1071 Malazgirt Muharebesi'nden sonra, Büyük Selçuklu Sultanı Alparslan, komutanlarına Anadolu'yu fethetme ve bu toprakları yurt edinme görevi verdi. İşte bu komutanlardan biri olan Mengücek Gazi (ya da Ahmed Mengücek), Erzincan ve çevresini fethetti. Beyliğin kuruluş tarihi genellikle 1072-1080 yılları arasına tarihlenir.
Kurulduğu bölge, bugünkü Erzincan ili ve çevresidir. Başkent olarak, stratejik konumu ve verimli ovalarıyla dikkat çeken Erzincan şehri seçilmiştir. Beylik, zamanla sınırlarını; batıda Sivas ve Kemah'a, doğuda Divriği'ye kadar genişletmiştir. Divriği, daha sonra beyliğin ikiye ayrılmasıyla bir kolun başkenti olacaktır.
Mengücekliler, siyasi bir güç olmanın ötesinde, bulundukları bölgede kalıcı bir kültürel ve mimari miras bırakmışlardır. Özellikle Divriği Ulu Camii ve Darüşşifası (UNESCO Dünya Mirası Listesi'nde), dönemin sanat ve mühendislik anlayışının şaheseri olarak hâlâ ayaktadır. Erzincan ve Kemah'ta da çeşitli kale, hamam ve türbe yapıları bu beyliğin izlerini taşır.

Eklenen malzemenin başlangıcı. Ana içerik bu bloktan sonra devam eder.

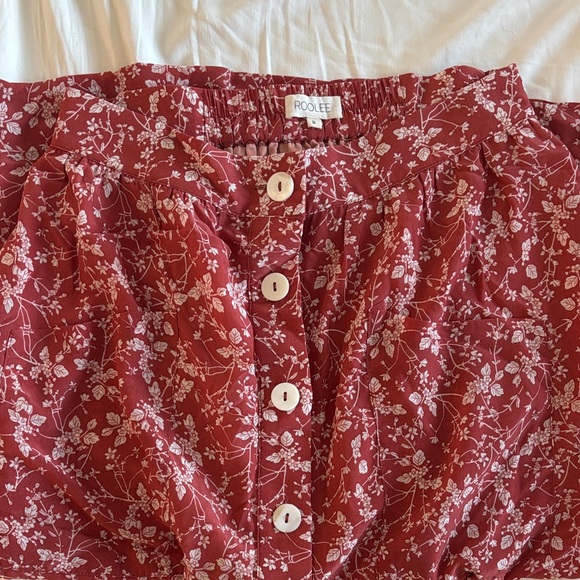 Roolee Floral Button-Down Red Midi Skirt - Picture 3 of 3
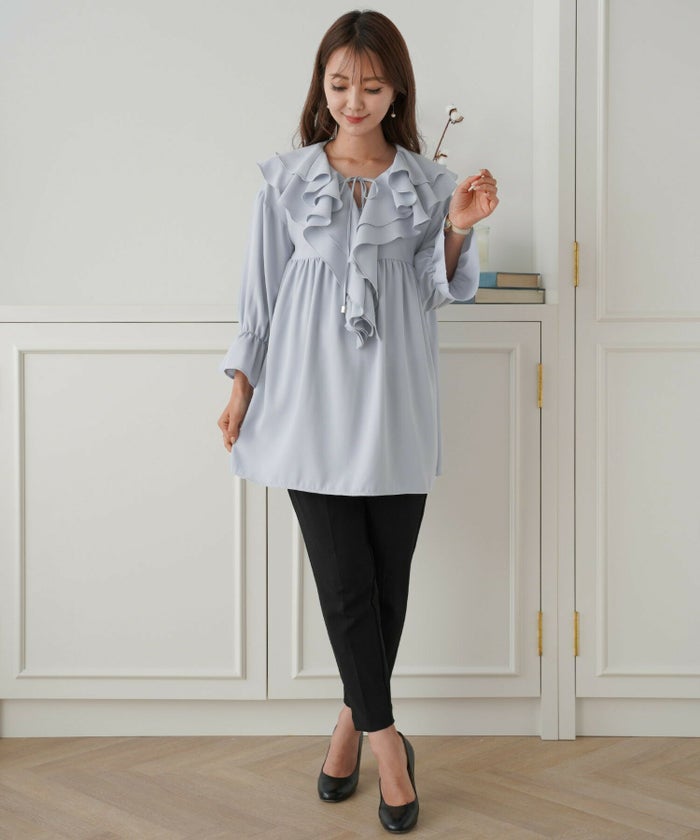 レディース/ブラウス/トップス/チュニック/Vネック/フリル/ダブルフリル/リボン/ギャザー/切り替え/キャンディスリーブ/長袖/春/秋/ホワイト/ブルー/グリーン/可愛い/フェミニン/上品/エレガント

Mengücek Beyliği, kuruluşundan yaklaşık 200 yıl sonra, 13. yüzyılın başlarında, Anadolu Selçuklu Devleti hakimiyetine girmiştir. Ancak, Erzincan merkezli olarak başlayan bu serüven, Anadolu tarihinin önemli bir sayfası olarak kalmıştır. Bugün Erzincan ve Divriği'ni ziyaret edenler, bu kadim beyliğin ihtişamlı mirasını gözler önüne seren eserlerle karşılaşır.
Sonuç olarak, "Mengücekliler nerede kuruldu?" sorusunun yanıtı, haritada parmakla gösterilebilecek kadar nettir: Bugünkü Türkiye Cumhuriyeti'nin Erzincan ili topraklarında. Bu topraklar, bir beyliğin doğuşuna, yükselişine ve tarihe mal oluşuna tanıklık etmiştir.